**Information shown:**
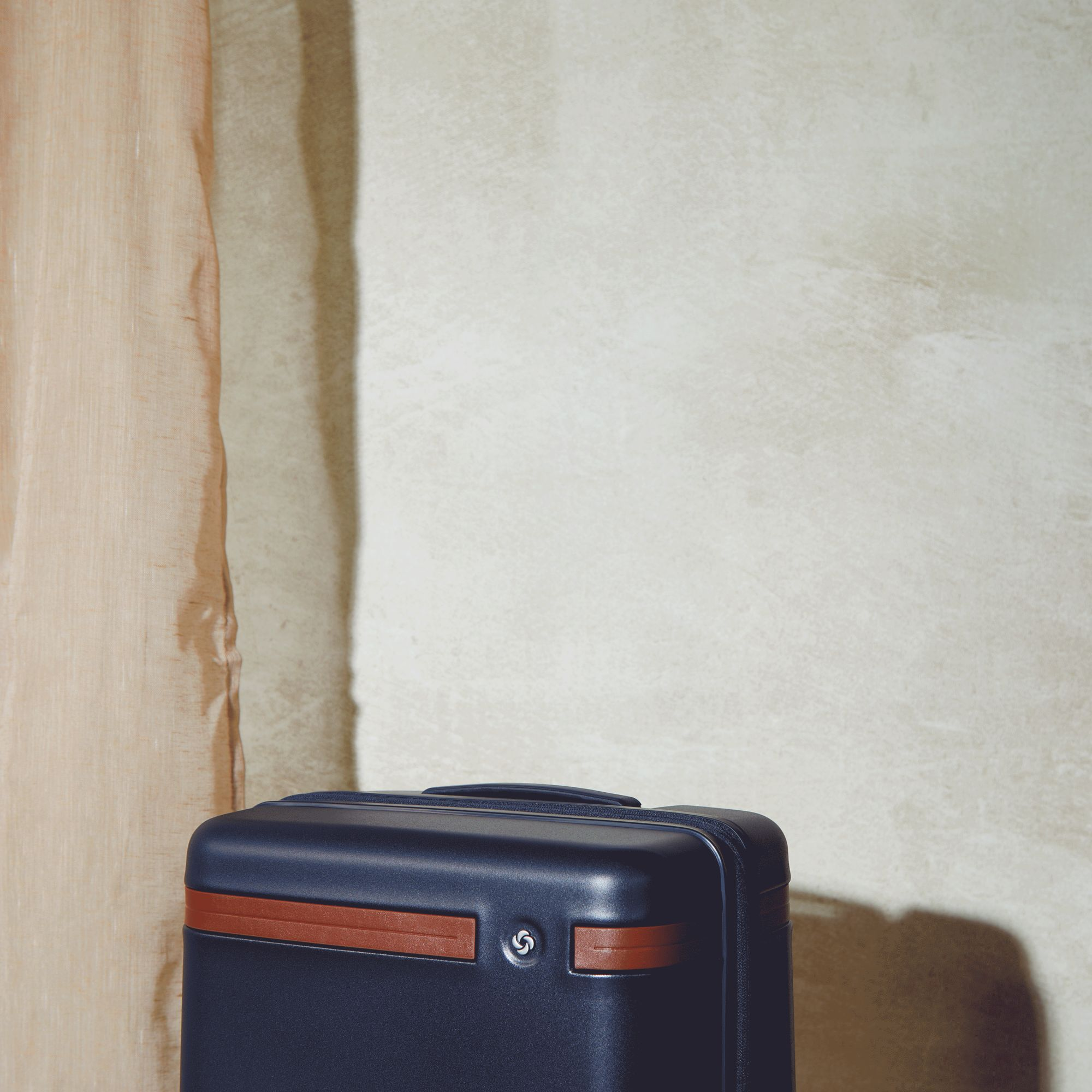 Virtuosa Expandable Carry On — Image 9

* * *

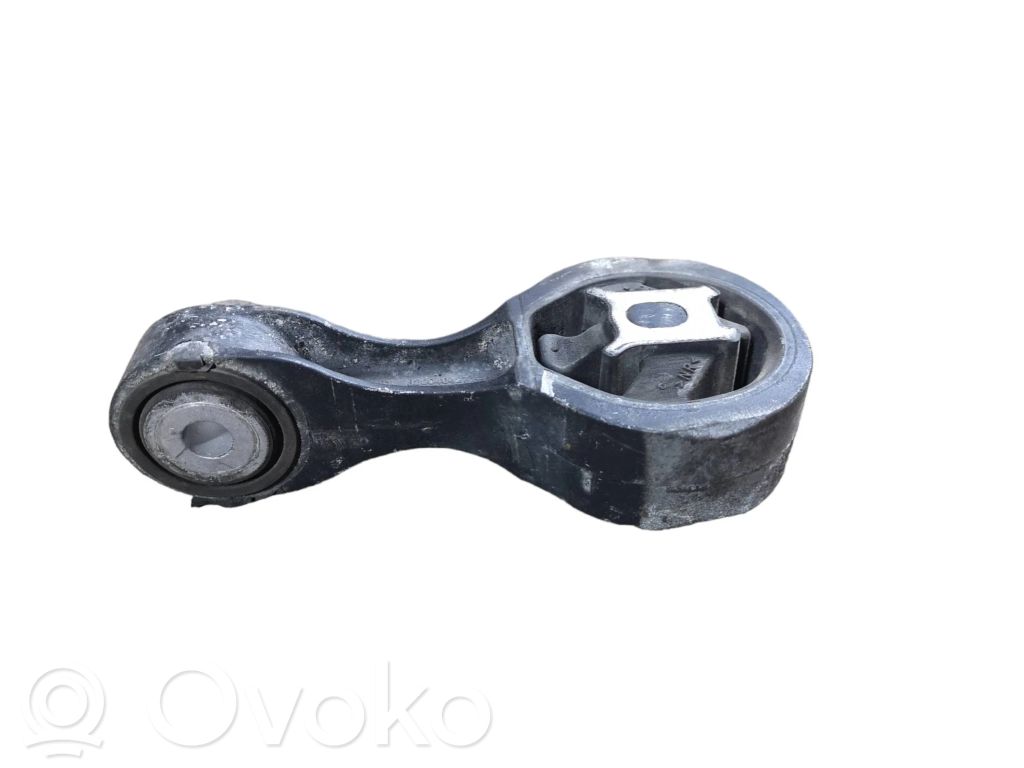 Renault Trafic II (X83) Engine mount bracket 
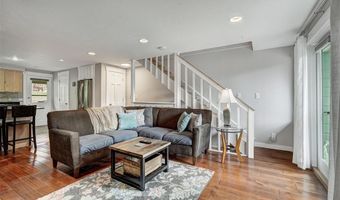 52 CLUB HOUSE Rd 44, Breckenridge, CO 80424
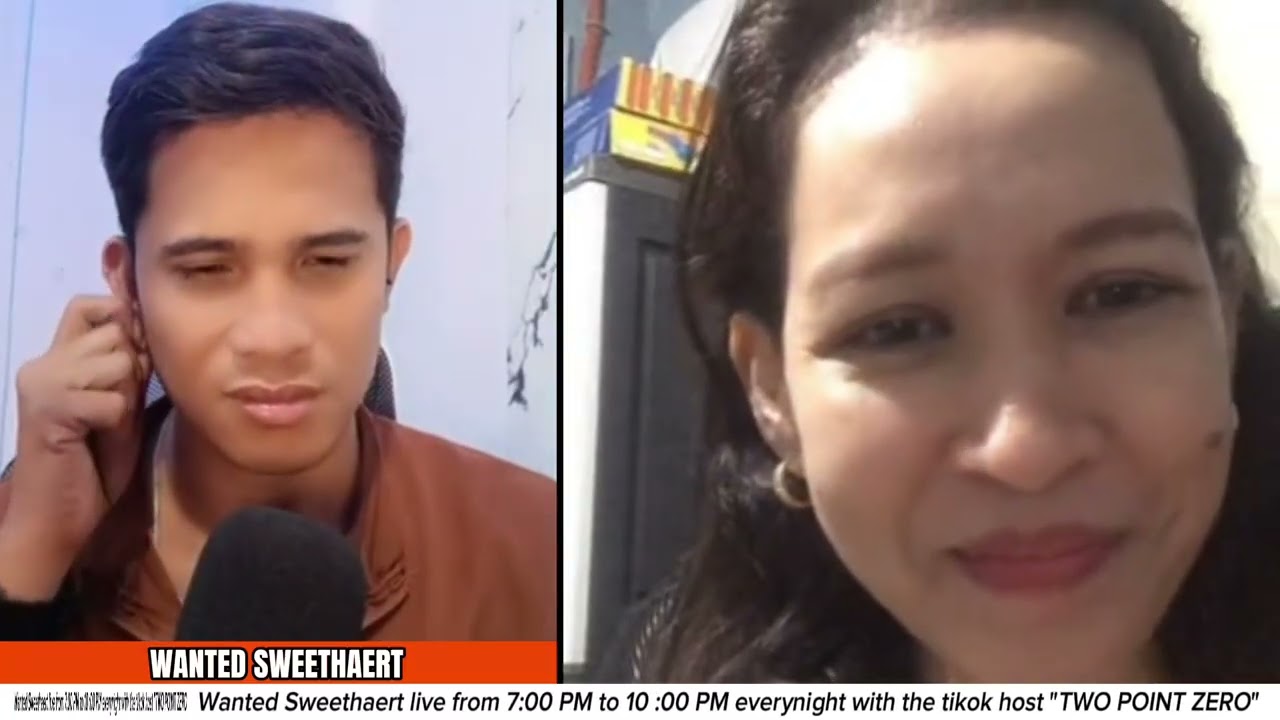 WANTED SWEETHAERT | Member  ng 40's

* * *

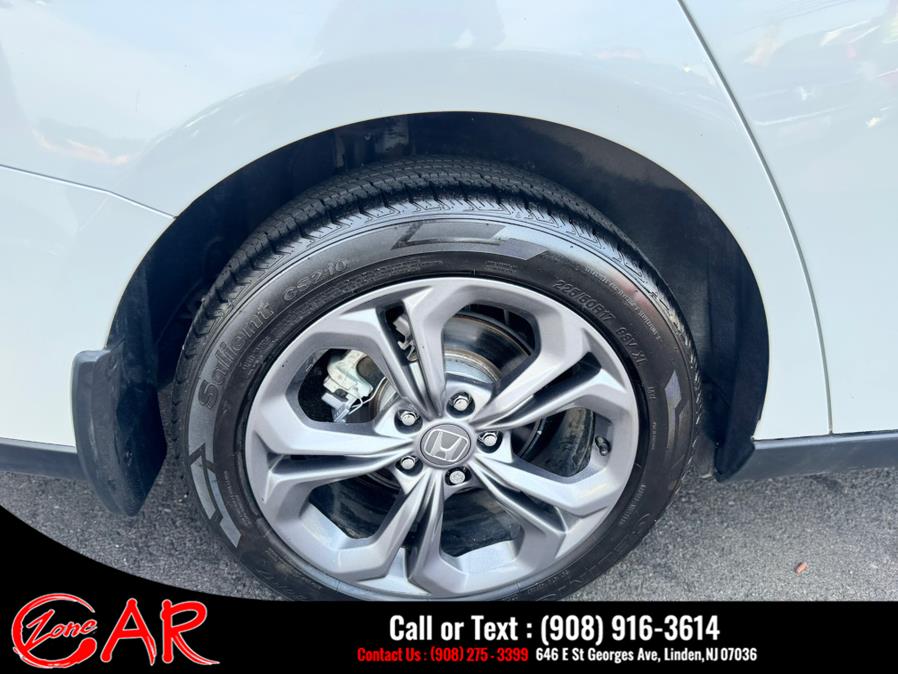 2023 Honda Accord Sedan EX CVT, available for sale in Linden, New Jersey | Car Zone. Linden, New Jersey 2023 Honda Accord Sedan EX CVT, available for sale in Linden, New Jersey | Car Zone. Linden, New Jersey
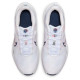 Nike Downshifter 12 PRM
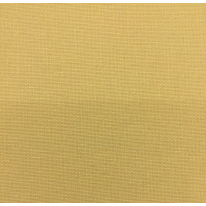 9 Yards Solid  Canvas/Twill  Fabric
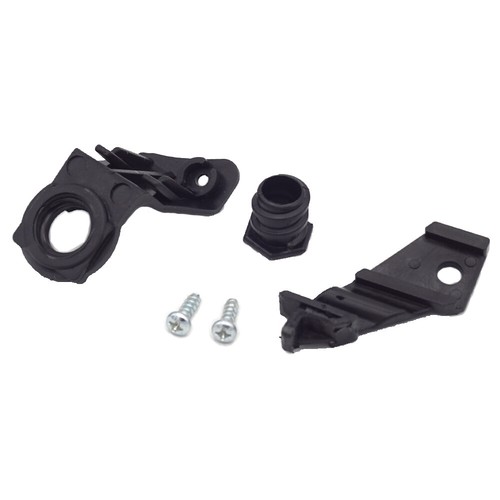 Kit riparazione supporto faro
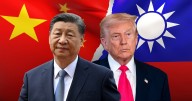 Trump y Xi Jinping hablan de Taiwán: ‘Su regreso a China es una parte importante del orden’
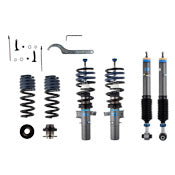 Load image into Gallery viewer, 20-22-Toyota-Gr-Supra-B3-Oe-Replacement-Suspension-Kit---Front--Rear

**What the task requires:** From the records above, copy only the lines running from the line holding "Kit riparazione supporto faro" through the line holding "Load image into", with no pictures.

**Reply to the task:**
 Kit riparazione supporto faro
 Trump y Xi Jinping hablan de Taiwán: ‘Su regreso a China es una parte importante del orden’
 Load image into Gallery viewer, 20-22-Toyota-Gr-Supra-B3-Oe-Replacement-Suspension-Kit---Front--Rear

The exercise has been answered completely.